Algerian authorities arrest Ihsane El-Kadi, director of last free media outlet in Algeria
Algerian authorities arrested renowned journalist Ihsane El-Kadi on Friday night at his home in Zemmouri, amid a continued crackdown on freedom of speech.
El-Kadi runs the independent station Radio M, which is widely considered the last space for free debate in Algeria.
The journalist's daughter, Tin Hinan El-Kadi, said on social media that a General Directorate of Internal Security (French acronym DGSI) brigade composed of six men in two vehicles had ordered him at half past midnight to follow them to a police station in Ben Aknoun, a suburb of Algiers.
Radio M's website reported that El-Kadi had received a call two hours ahead of his arrest asking him to report immediately to the station, but the journalist said that he was too far from the capital.
Mon père, @ElkadiIhsane, vient d’être interpellé de chez lui par une brigade de Antar. Six hommes dans deux véhicules sont venus à 00.30 lui demander de les suivre immédiatement à la caserne de Antar. Le harcèlement se poursuit.#الصحافة_ليست_جريمة pic.twitter.com/cn3ik44gDJ
— Tin Hinane El Kadi (@TinhinanEl) December 24, 2022
No official reason has been given for his arrest, however some observers have speculated that it may be related to a recent post on Twitter.

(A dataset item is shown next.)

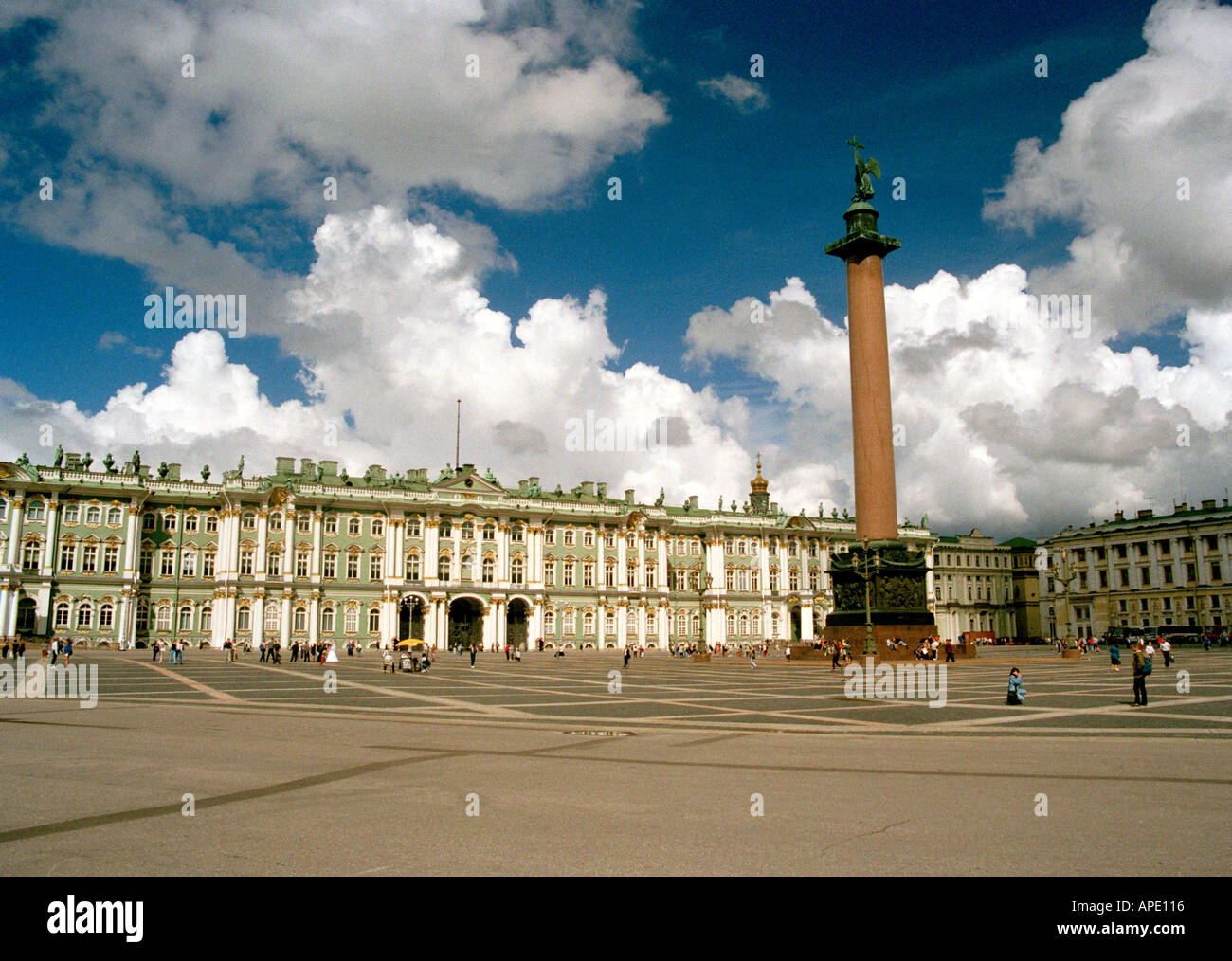 La place du palais et l'Ermitage, Saint-Pétersbourg, Russie Banque D'Images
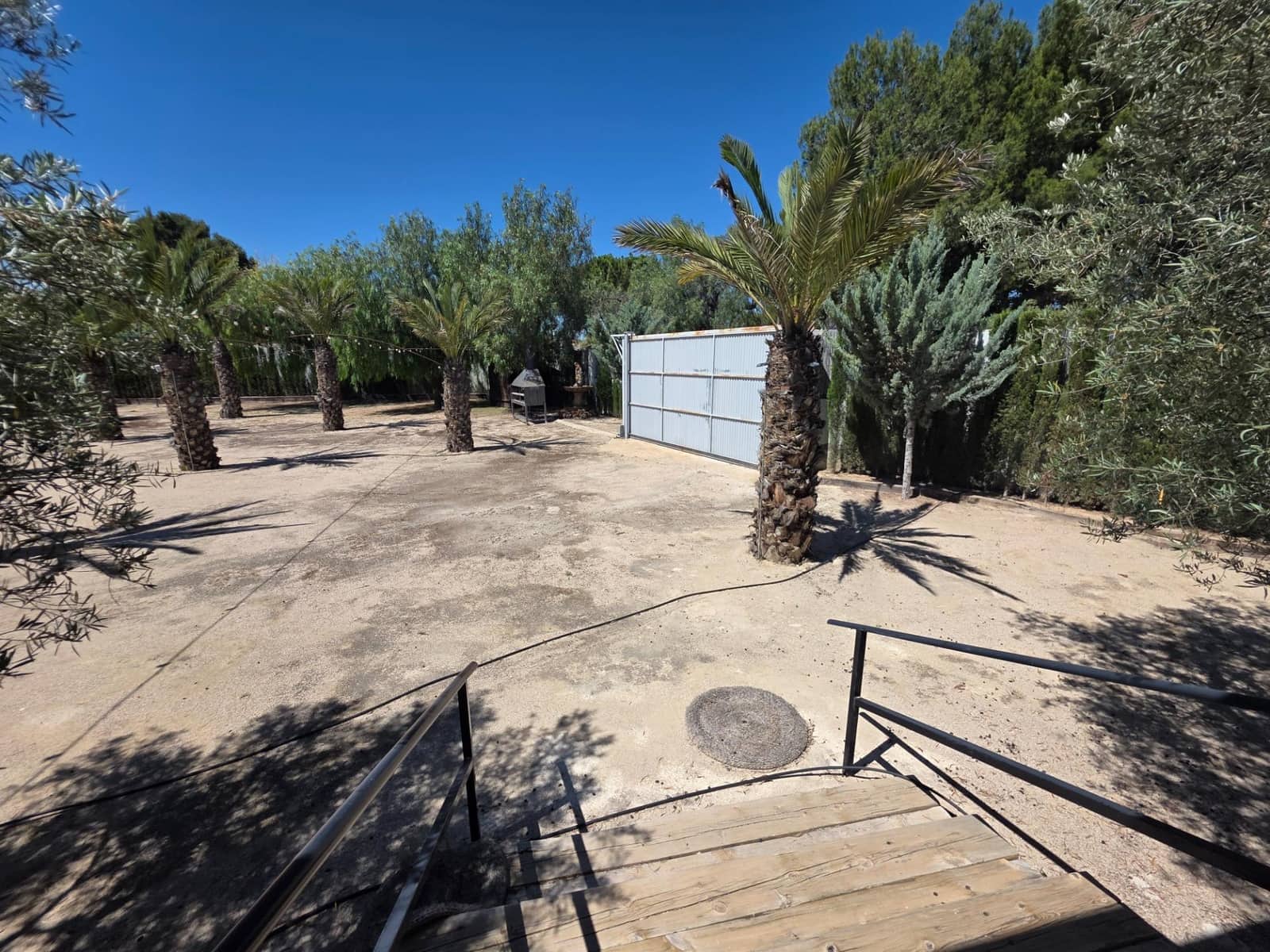 8 bedroom Finca/Country House for sale in Sax with pool garage - € 550,000 (Ref: 9865312)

In his latest tweet, El-Kadi challenged President Abdelmadjid Tebboune's assertion about the recovery of $20 billion from oligarchs linked to late president Abdelaziz Bouteflika.
“The public treasury has recovered 20 billion dollars from the oligarchs of Issaba, said President Tebboune without batting an eyelid!!!! How dare you say something so mathematically crude to reputedly the best educated citizens in Africa?” he tweeted on Friday.
For the past three years, El-Kadi has faced relentless judicial harassment.
In June 2021, he was sentenced to six months in prison without a warrant for an opinion piece on the role of Islamists in the Hirak movement.
However, El-Kadi continued to express himself freely while much of the rest of the country's media was being reined in. Many Algerian journalists were forced to self-censor their writing for their safety.
"In recent years we have been forced into self-censorship. Journalists have been imprisoned for reporting. The pressures on media managers pushed us to be careful about what we write," Ali Boukhlef, an Algerian journalist told The New Arab.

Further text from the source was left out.